Night in Shanghai by Nicole Mones would count here, and I’ll probably double-count this one because war novels feel a bit painful right now.

  1. Read a YA or middle grade novel by an author who identifies as LGBTQ+.
  1. Read a book that has been banned or frequently challenged in your country.

Was thinking of Perks of Being a Wallflower

  1. Read a classic by an author of color.

Maybe Octavia Butler here?

  1. Read a superhero comic with a female lead.

Squirrel Girl or Ms. Marvel

  1. Read a book in which a character of color goes on a spiritual journey.

Ooof, this is going to be tough. Spiritual journey stories are not my thing. Any ideas?

  1. Read an LGBTQ+ romance novel.

Hold Me by Courtney Milan

  1. Read a book published by a micropress. 

A micropress prints under 500 books per printing. Yikes. Ideas?

  1. Read a collection of stories by a woman. 

This seems like the perfect time to read that Alice Munro collection that’s been gathering dust on my shelves …

  1. Read a collection of poetry in translation on a theme other than love. 

I’m thinking of trying classical Chinese poetry, maybe The Selected Poems of Li Po.

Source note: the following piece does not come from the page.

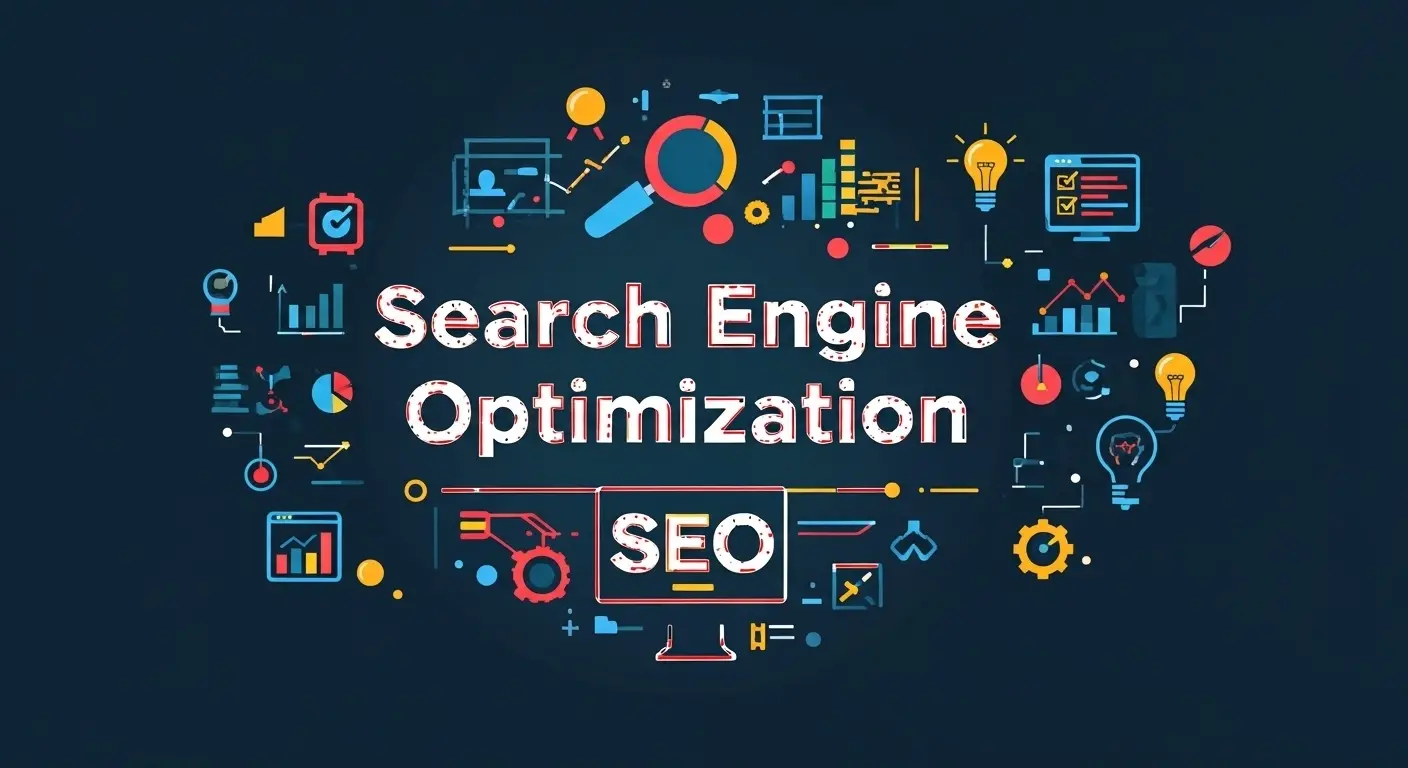 تحسين محركات البحث (SEO)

  1. Read a book wherein all point-of-view characters are people of color.

Hold Me and Night in Shanghai would both count for this category, and I think Obelisk Gate would too, but I welcome other ideas!


* Short-form review of Magic Binds: It was OK, but definitely not my favorite Daniels book. It felt like it was mostly moving pieces into place for the final books in the series.


7 comments on “Read Harder 2017

  1. 19. Totally agree. What about a person of color going on a journey of self-discovery? I’m a huge fan of Lauret Savoy’s “Trace.”
    21. Do you read poetry?

    Also, thank god you’re back! I just finished “Invisible Library” by Genevieve Cogman, and it was amazing. Feminist, well written, bibliophilic, dragons, etc.

  2. 19. Yes!! They steal books from alternate worlds to go into the Library. Tell me you’re not fascinated.

    21. So you like form (meter and rhyme). What about Sandburg do you like? Is it nature? A sense of place? (I only remember a bit about Sandburg, so don’t mind me if I’m way off base.) Also I’m a book yenta and a poetry yenta.

    • I like the sense of place in Sandburg, and the way a lot of his poems focus on family and love. I also like the mixing of mundane and more high-minded imagery. Here’s one of my favorite passages, from his poem “Honey and Salt”:

      Is the key to love in passion, knowledge, affection?
      All three—along with moonlight, roses, groceries,
      givings and forgivings, gettings and forgettings,
      keepsakes and room rent,
      pearls of memory along with ham and eggs.

  3. 21. My bookseller spidey sense just said Naomi Shihab Nye. She writes a lot about family, but also politics. Agha Shahid Ali wrote beautifully about family (in particular his mother) and just was an amazing poet (word on the street was that he was an amazing person too). Maybe Jane Hirscfield or Maxine Kumin.